I basically have a webserver for a site and another that simply stores files. The file server is connected to the main one by mounting one of its directories. The website runs Django so I primarily deal with python. Anyway, I seem to have run into some issues with files being reported as not existing even when they're actually there.

Essentially when I call

filepath = '/path/to/file/on/nfs/share'
exists = os.path.exists(filepath)

exists is false even though the file actually exists, and I know it does because I have timestamps printed to a log file that show exactly when it was created. I'm not sure what could be the problem but I know the docs for os.path.exists say

On some platforms, this function may return False if permission is not granted to execute os.stat() on the requested file, even if the path physically exists.

I know that isn't the case because the files both share the same group and group number, which also shares the same group numbers on both servers. Could it possibly be a stale cache or something like that?

My mounting is done automatically through fstab.

Client side, the settings are:
filehost:/filefolder /localfolder nfs defaults,rsize=32768,wsize=32768

Server side, the settings are:
/filefolder webserver(rw,sync,no_root_squash,no_subtree_check)

Edit:

So, I guess for more information/specifics. I'm running a Python subprocess that generates a file in the remote directory. When a request is made, it starts the subprocess and returns the expected location of the file.
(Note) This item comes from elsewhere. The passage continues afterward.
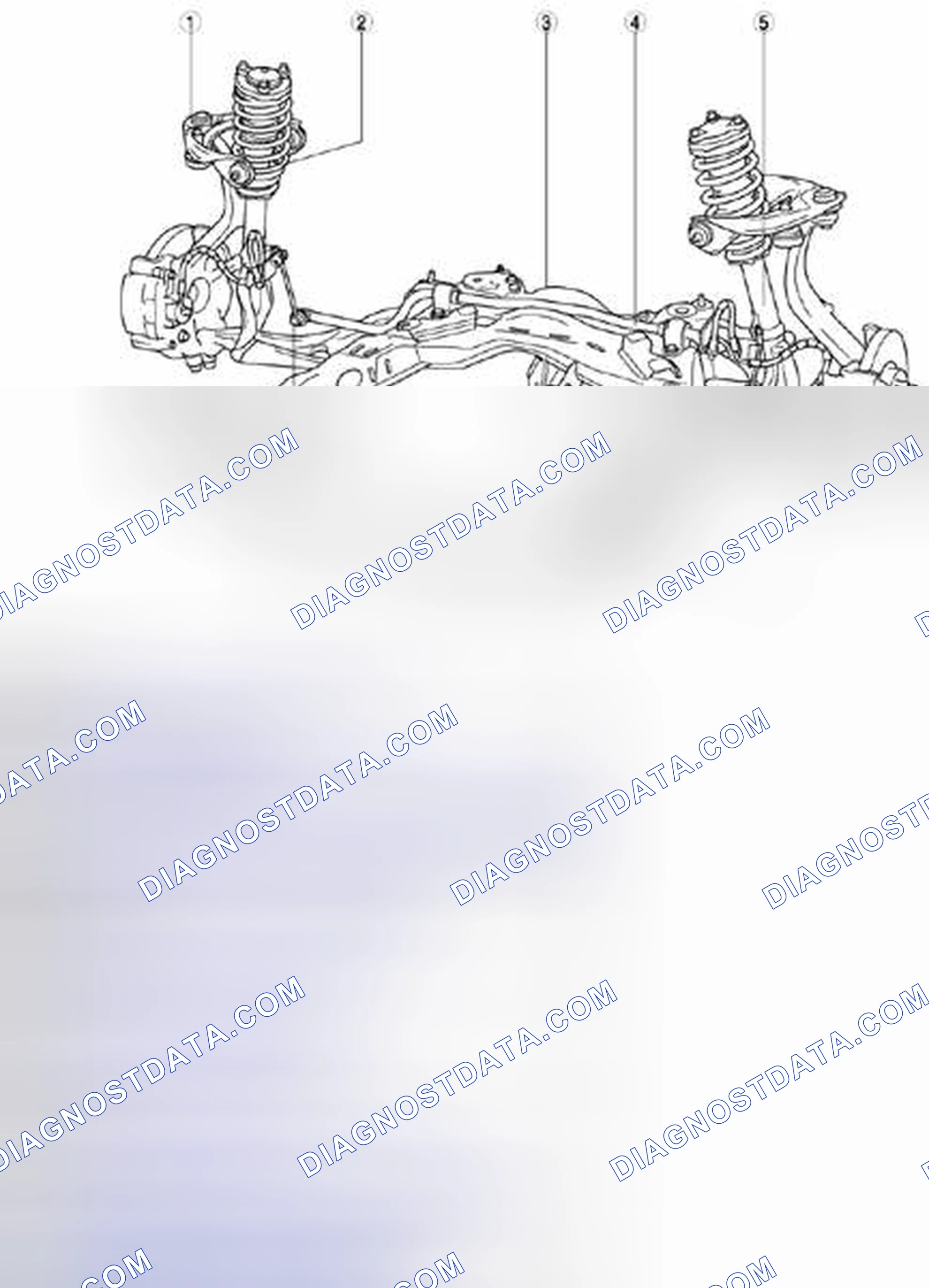 Fig. 1: Identifying Front Suspension System Components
On the frontend, there is a url that is pinged, where it calls os.path.exists() for that file and when it does the resource is then loaded through ajax.

The suspected problem is that sometimes this pinger will report that the file isn't available for a few seconds after it actually is. That's also the reason I thought maybe it was a possible issue with a stale cache.
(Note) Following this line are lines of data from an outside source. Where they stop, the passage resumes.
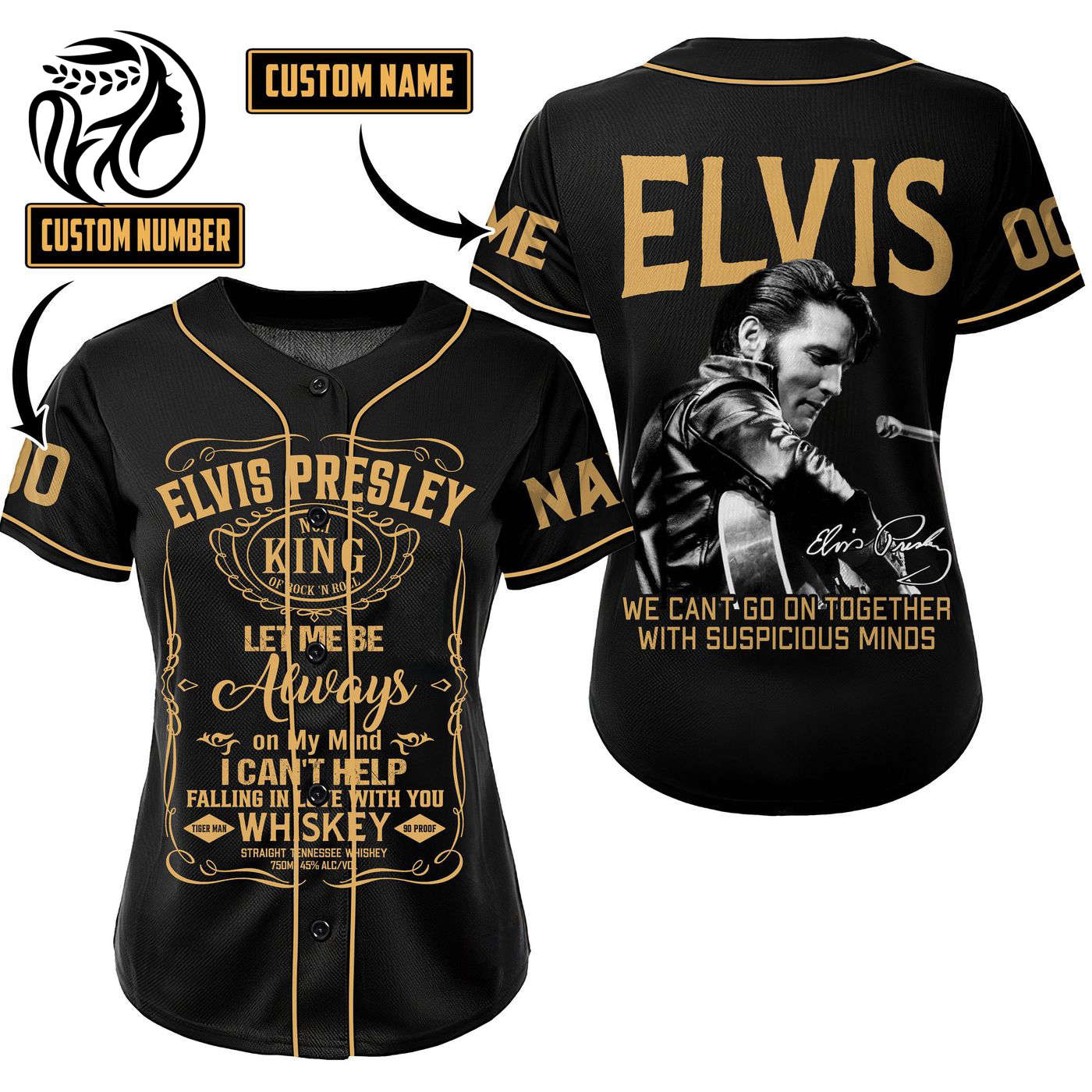 Elvis Presley Baseball Jersey For Men Women And Kids Gift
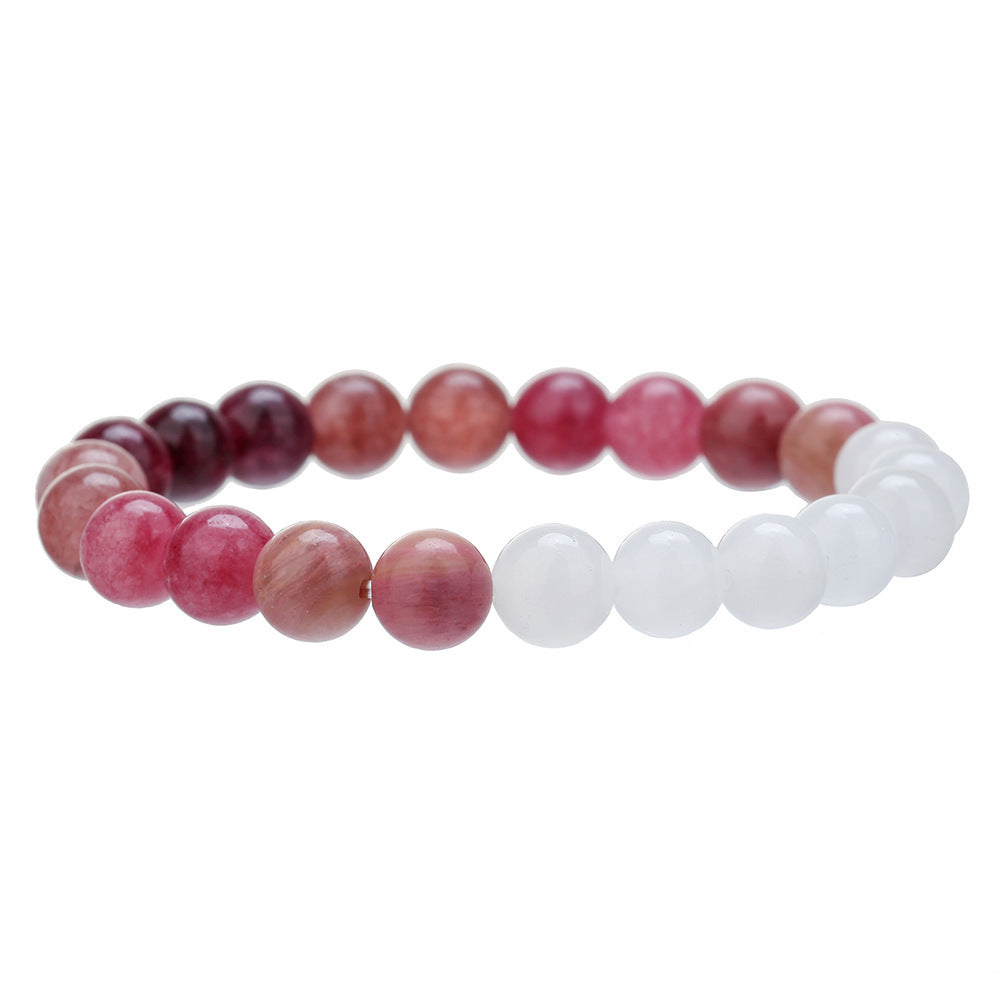 Ethnic Geometric Natural Agate Crystal Bracelet Unisex Handmade Jewelry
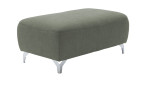 Hocker in der Farbe platin, Schrägansicht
All the files and the directory in them are owner/group www-data, as well as any subprocesses being instantiated by django. Also this problem doesn't seem to be completely repeatable. Sometimes it will work quickly while others it will take a few seconds longer than expected


Solution

  • This is due to NFS cache as found here:

    Attribute cache caches everything in struct stat, so stat() and fstat() calls can be returned from cache. If you need to see a file's latest size or mtime (or other fields), you need to flush the file's attribute cache before the stat() call.

    Note that if file handle is cached, stat() returns information for that cached file (so the result is the same as for fstat()). If you need to stat() the latest file with the given file name, flush the file handle cache first.

    I think its stat failing cause the file is not in the cache yet. I found this in the NFS man page:

    ac / noac - Selects whether the client may cache file attributes. If neither option is specified (or if ac is specified), the client caches file attributes.

    But there is a warning there too, so i just lived with the delay:

    Using the noac option provides greater cache coherence among NFS clients accessing the same files, but it extracts a significant performance penalty. As such, judicious use of file locking is encouraged instead. The DATA AND METADATA COHERENCE section contains a detailed discussion of these trade-offs.